Pictures with short captions
------------------------------------------------
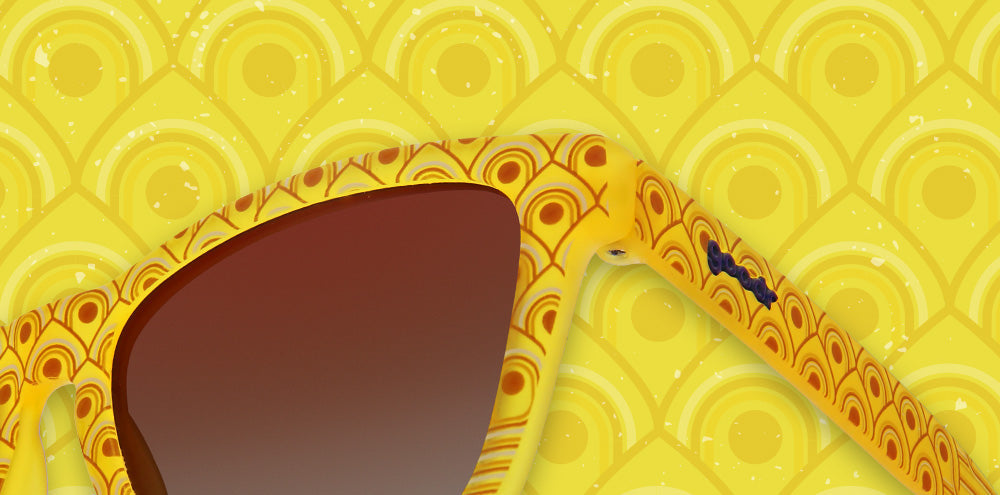 Scusi, Coming Through | yellow square sunglasses with gradient amber lenses| Milan tour inspired goodr OG sunglasses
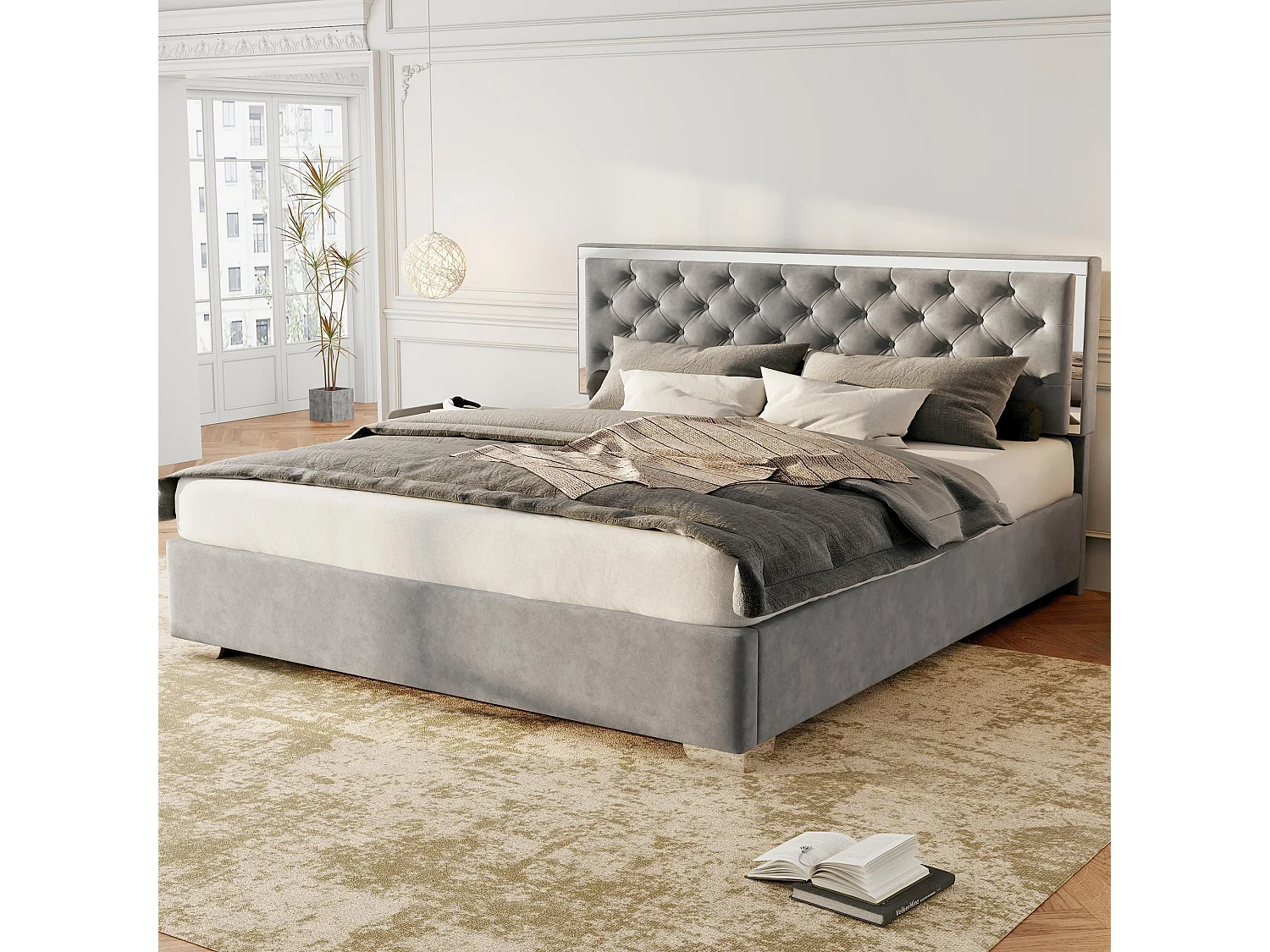 Letto contenitore 160 x 200 cm con testiera - Velluto - Piedini in acciaio inox - Rete a doghe - Grigio (senza materasso)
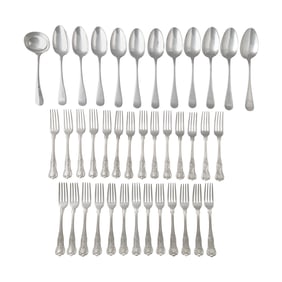 A Collection of Silver-Plate Flatware Articles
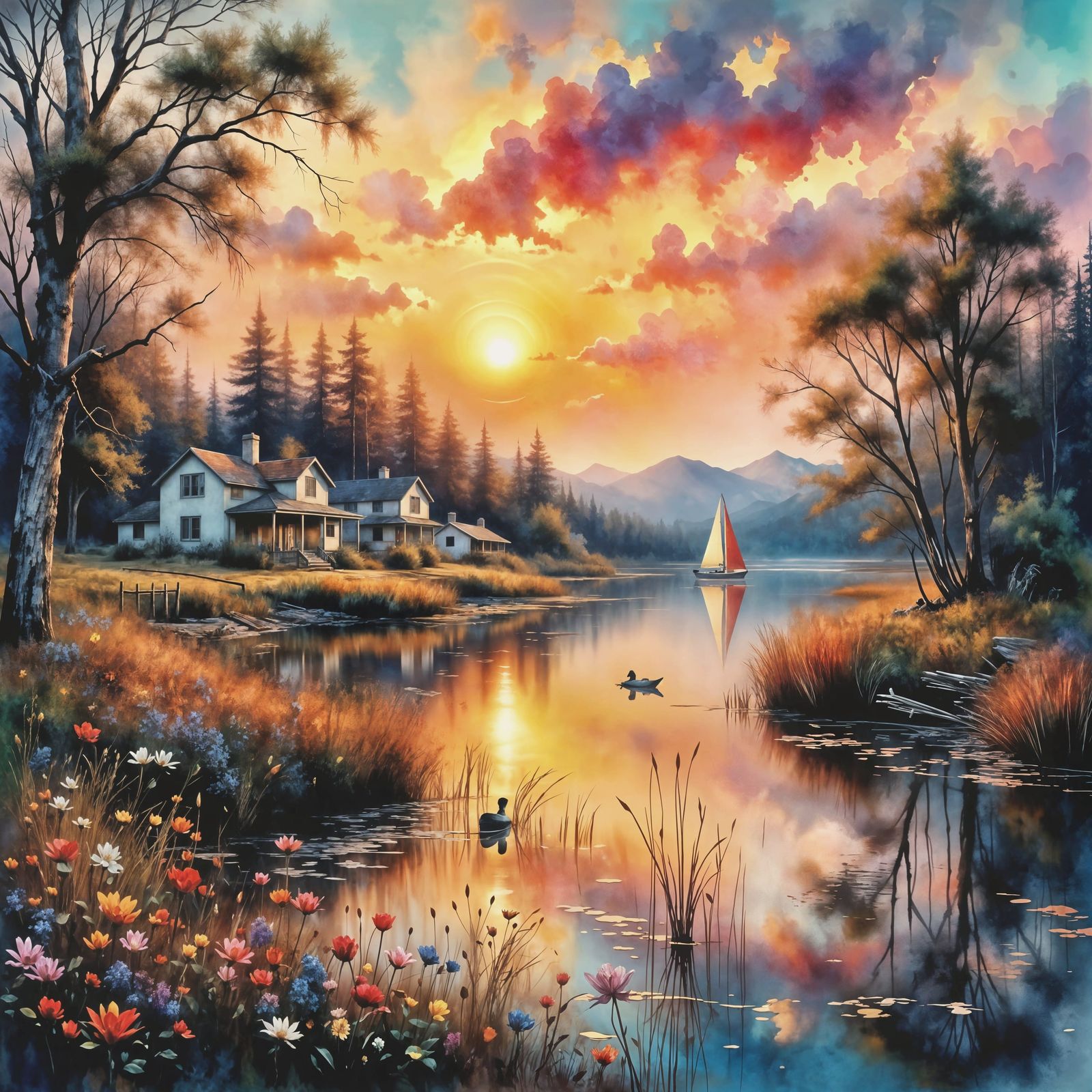 Impasto Grunge Watercolor Sunset Over Rural Lake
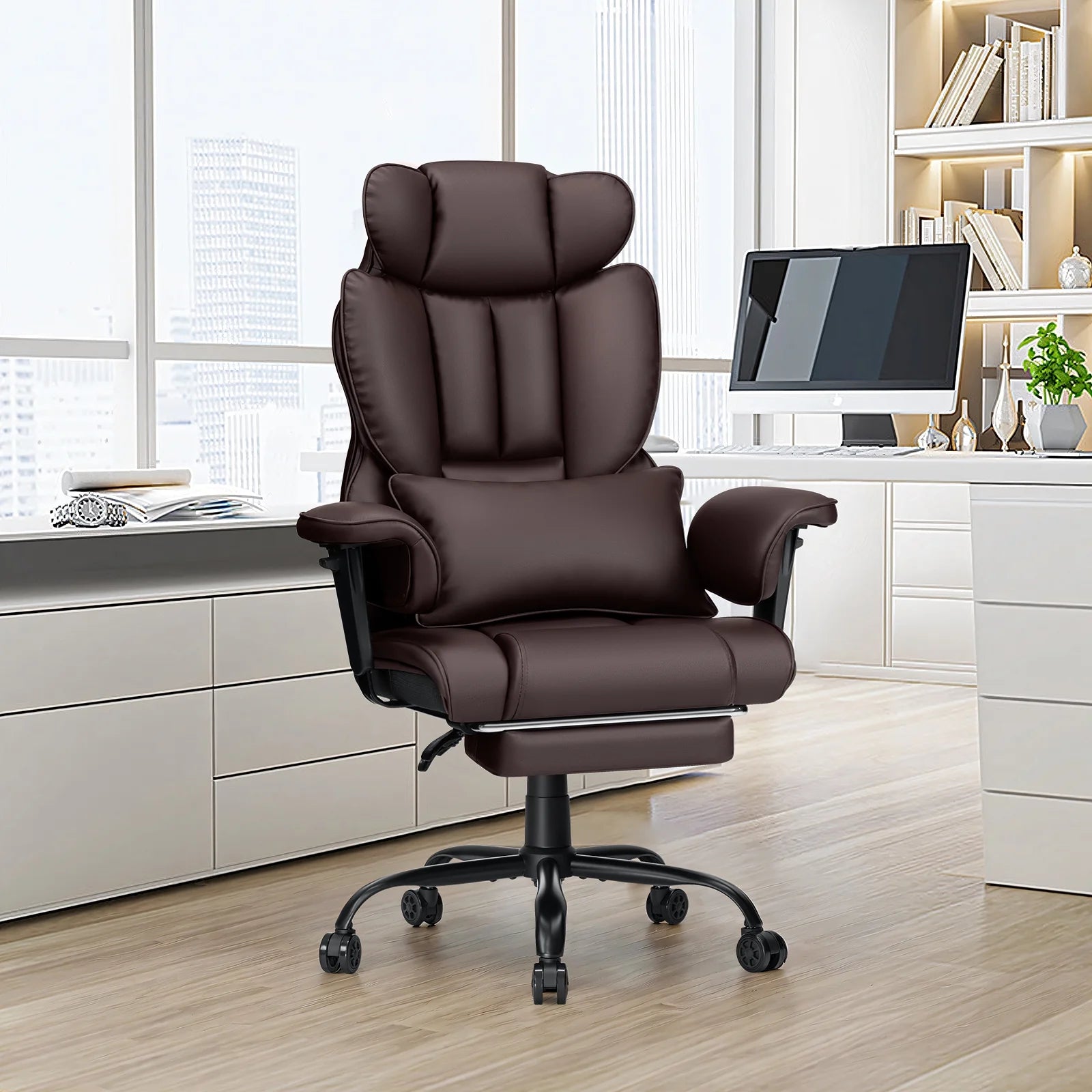 Hoffree Big and Tall Fabric Office Chair 450 lb, Executive Desk Chair with Massage Ergonomic Computer Chair with Footrest Reclining Desk Office Chair with Lumbar Support for Home Office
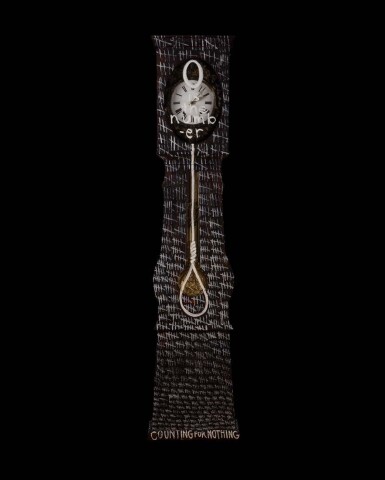 Fiona Hall Wrong Way Time, 2014; oil on long case clock; 220 x 40 x 23 cm; enquire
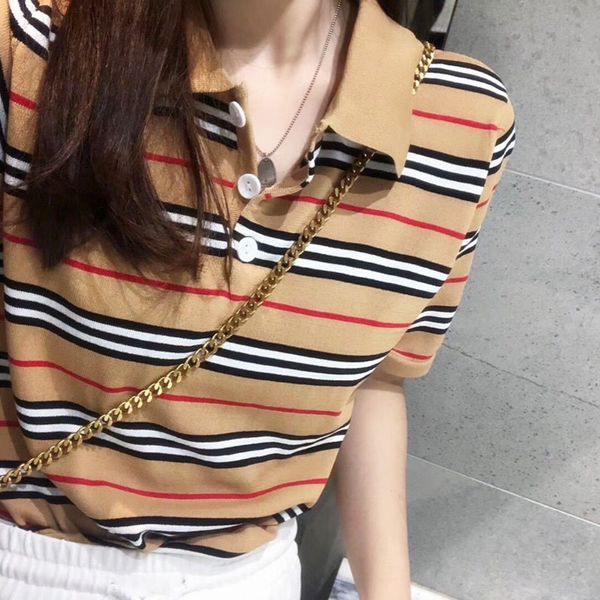 s-3xl 2022 spring summer fashion women classic khaki color striped knit tshirt femme vintage luxury designer slim tee shirt, White;black
s-3xl 2022 spring summer fashion women classic khaki color striped knit tshirt femme vintage luxury designer slim tee shirt, White;black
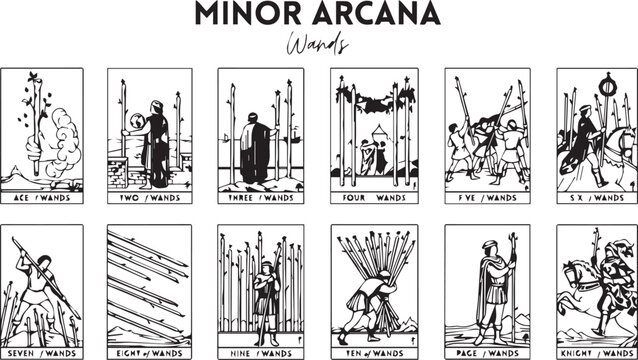 A comprehensive collection of 12 black and white Minor Arcana Wands tarot cards is meticulously arranged, showcasing detailed traditional illustrations for spiritual guidance and divination.
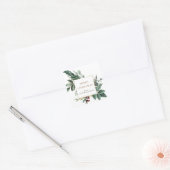 Sticker Carré joyeux Noël verdure d'hiver (Enveloppe)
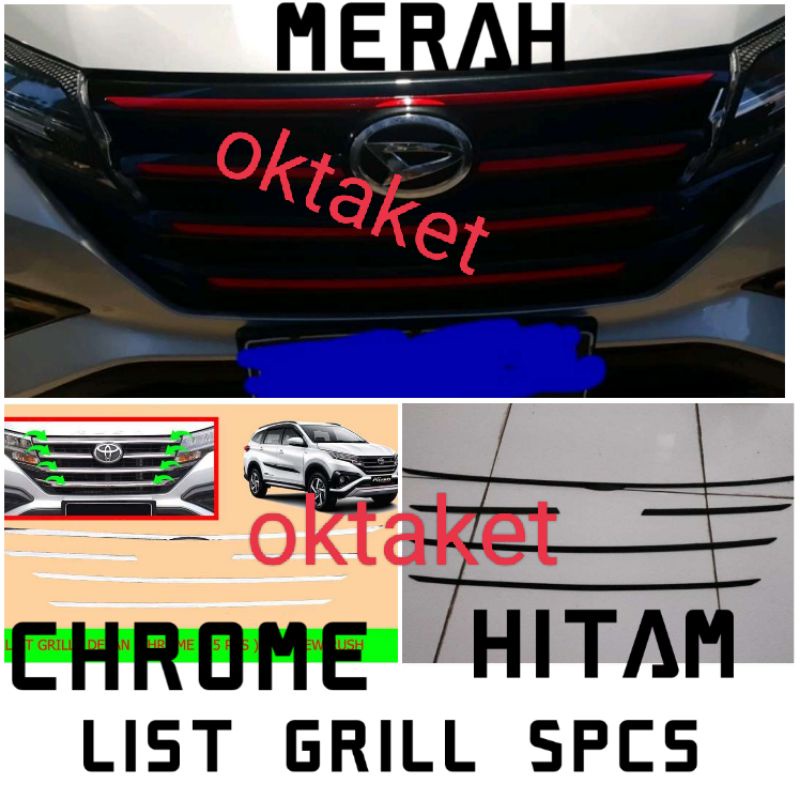 list grill depan All new Rush Terios 2018 2020 2022 Gr Sport 5pcs Hitam merah Chrome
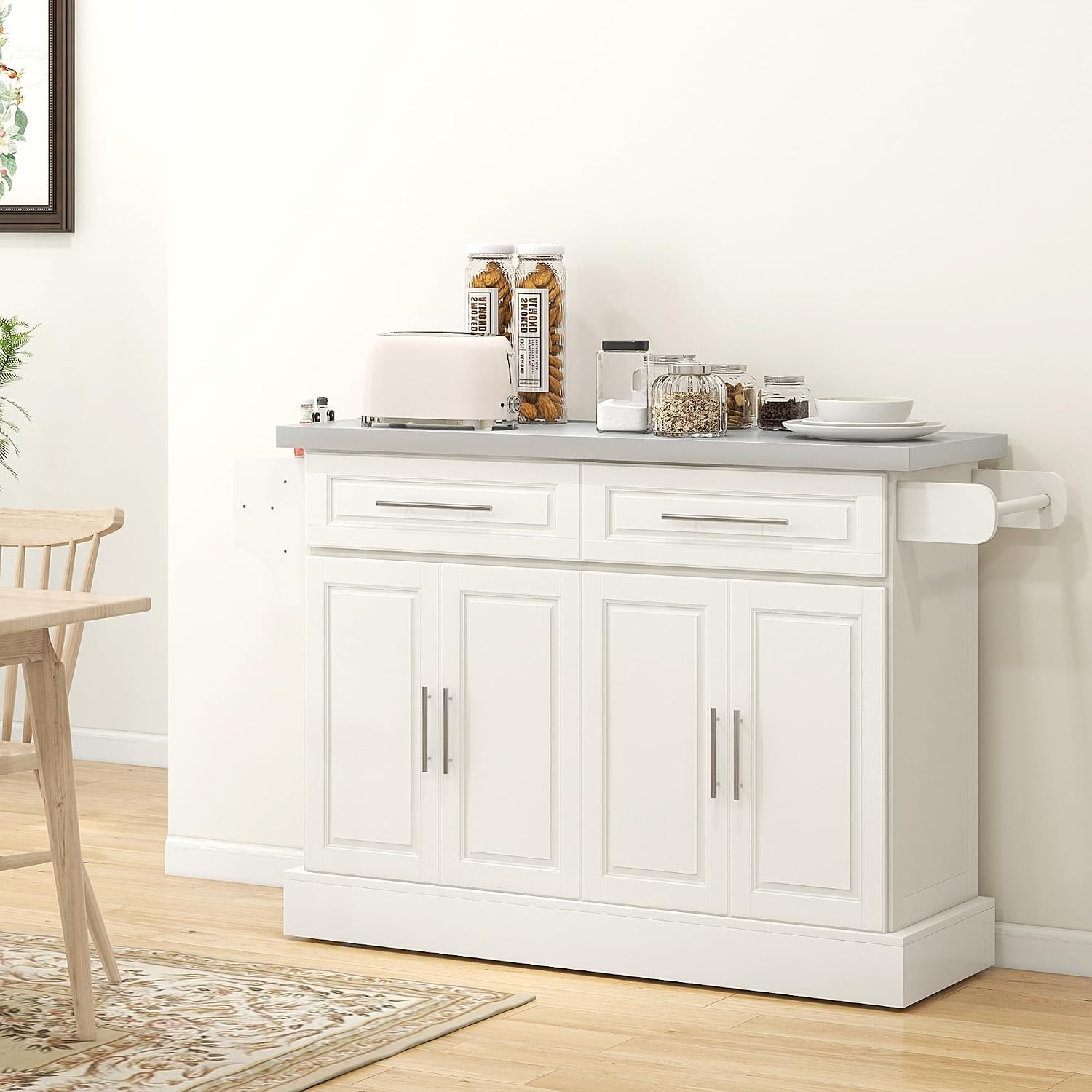 47" Cream Stainless Steel Rolling Kitchen Island Cart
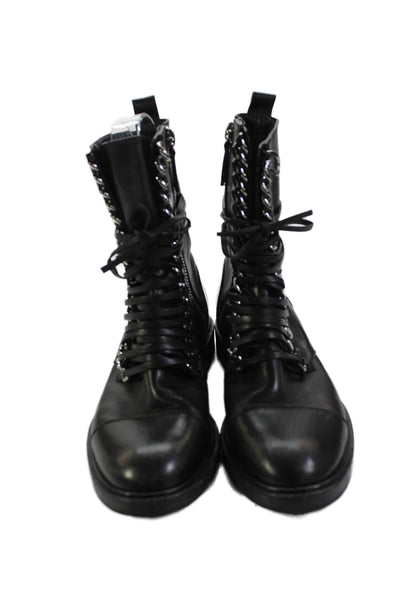 Casadei Womens Leather Chain Lace Detail Mid-Calf Boots Black Size 7
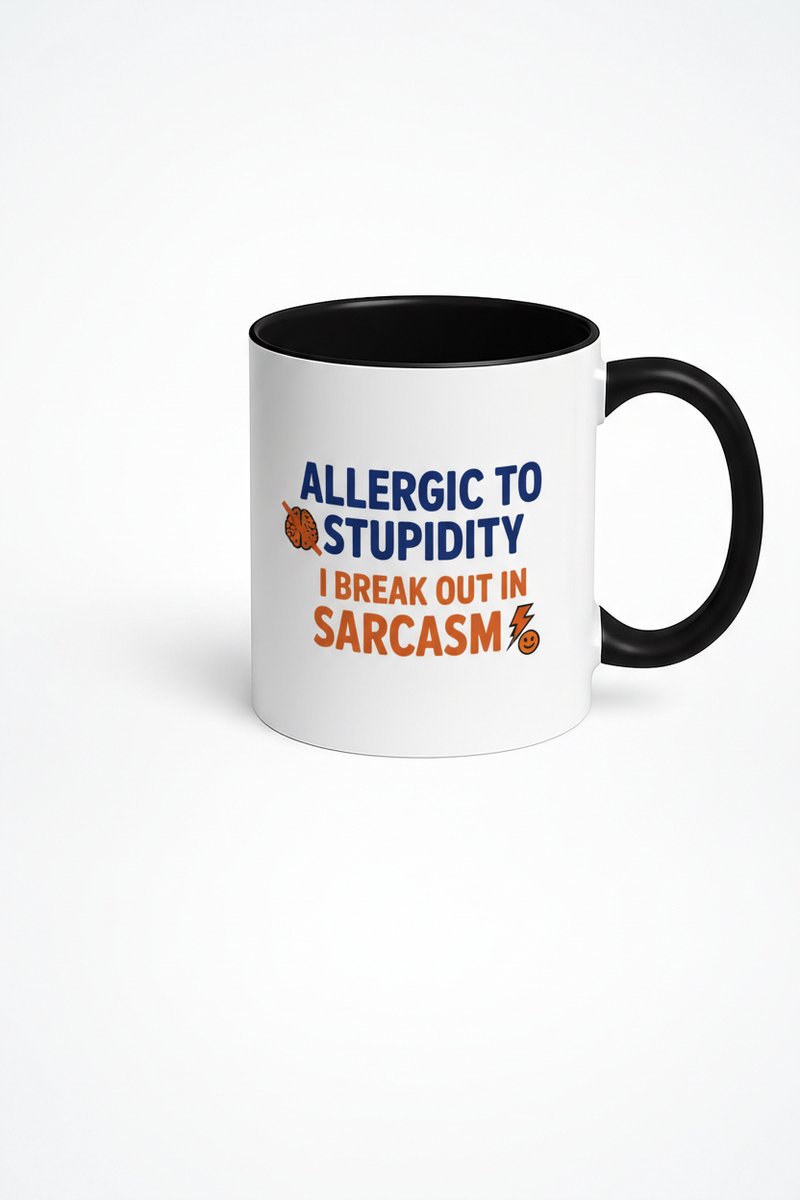 Allergic to Stupidity mok - Grappige koffiemok cadeau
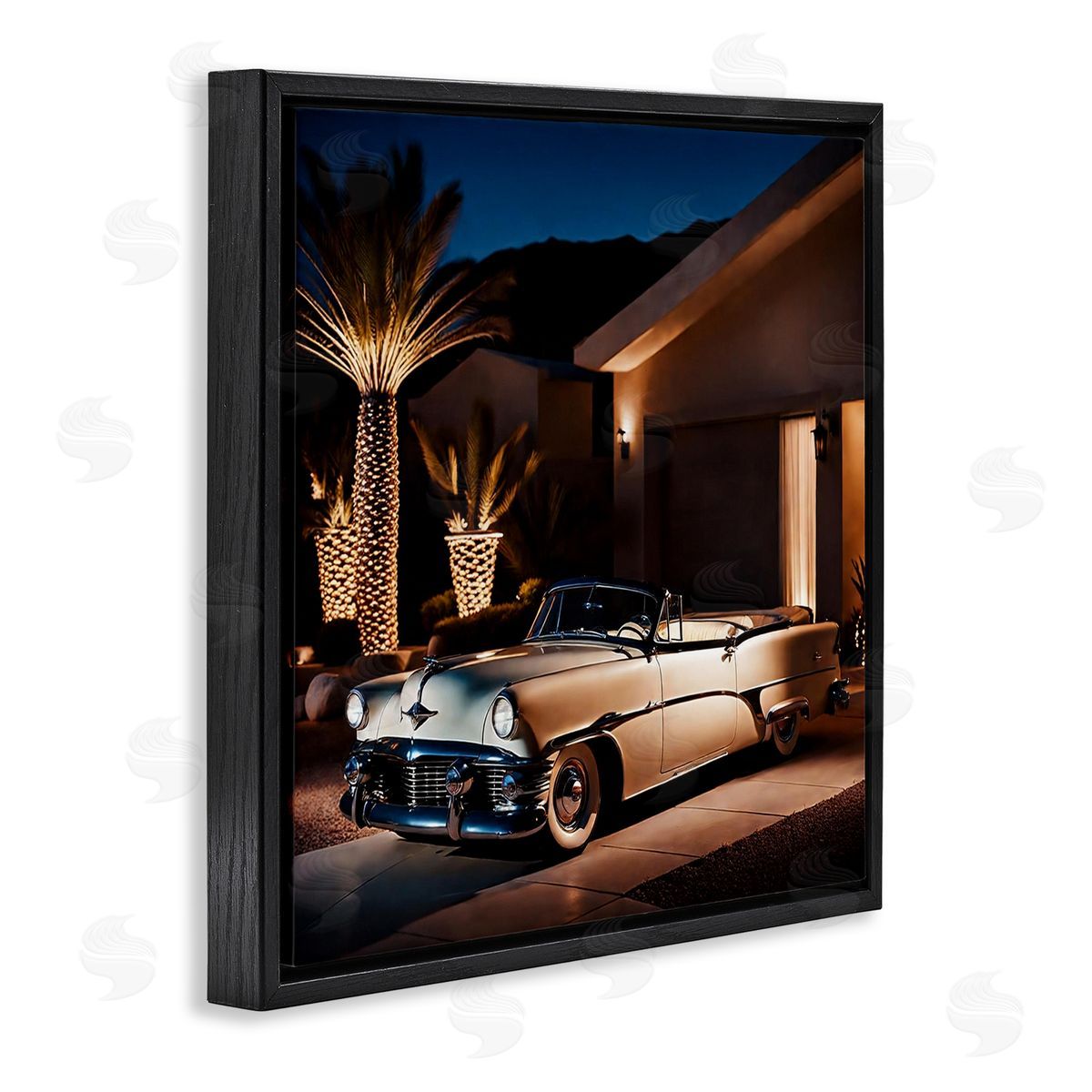 Noah Bay Miami Wheels Classic Car Black Floating Frame Canvas Wall Art Print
------------------------------------------------
Please copy the data above word for word, but only from the line that contains "Kitchen Island Cart" through the final line, both included, and without the pictures.

 47" Cream Stainless Steel Rolling Kitchen Island Cart
 Casadei Womens Leather Chain Lace Detail Mid-Calf Boots Black Size 7
 Allergic to Stupidity mok - Grappige koffiemok cadeau
 Noah Bay Miami Wheels Classic Car Black Floating Frame Canvas Wall Art Print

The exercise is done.